• [YOUR TASK]: Which of the lines in the data mention the string "Black"? List them all.

• [RECORDS]:
+--

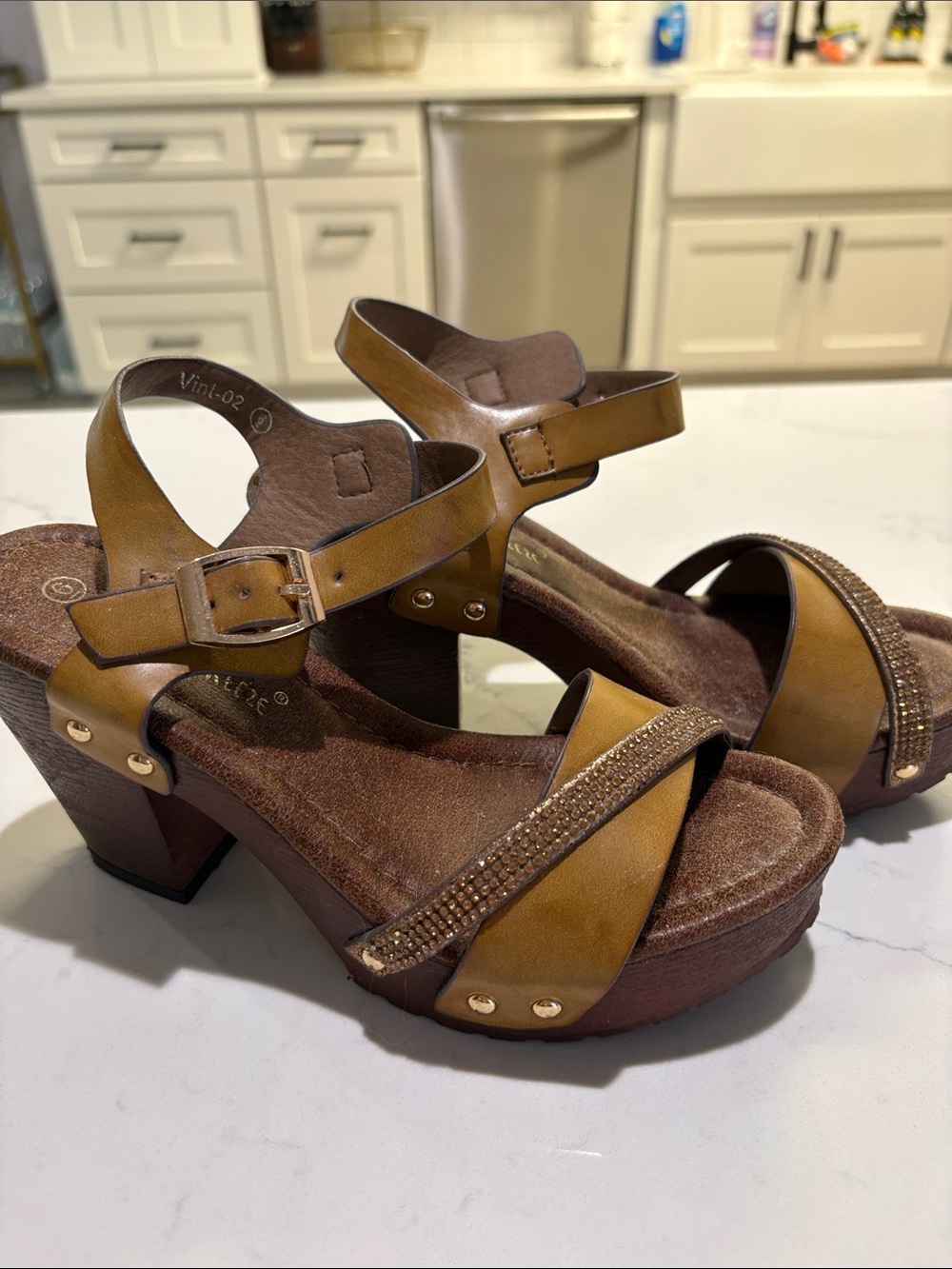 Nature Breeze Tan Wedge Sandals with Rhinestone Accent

+--

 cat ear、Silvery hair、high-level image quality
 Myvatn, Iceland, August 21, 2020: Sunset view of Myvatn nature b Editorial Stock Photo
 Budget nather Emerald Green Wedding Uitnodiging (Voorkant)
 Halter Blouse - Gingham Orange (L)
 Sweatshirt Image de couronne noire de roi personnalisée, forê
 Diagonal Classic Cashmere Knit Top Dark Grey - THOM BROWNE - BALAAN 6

+--

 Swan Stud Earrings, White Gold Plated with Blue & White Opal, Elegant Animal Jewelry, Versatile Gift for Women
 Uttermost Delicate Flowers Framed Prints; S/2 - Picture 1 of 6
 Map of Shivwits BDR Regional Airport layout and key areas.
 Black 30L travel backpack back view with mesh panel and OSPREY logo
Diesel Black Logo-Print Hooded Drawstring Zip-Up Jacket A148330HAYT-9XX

+--

• [RESPONSE BELOW]:
 Black 30L travel backpack back view with mesh panel and OSPREY logo
Diesel Black Logo-Print Hooded Drawstring Zip-Up Jacket A148330HAYT-9XX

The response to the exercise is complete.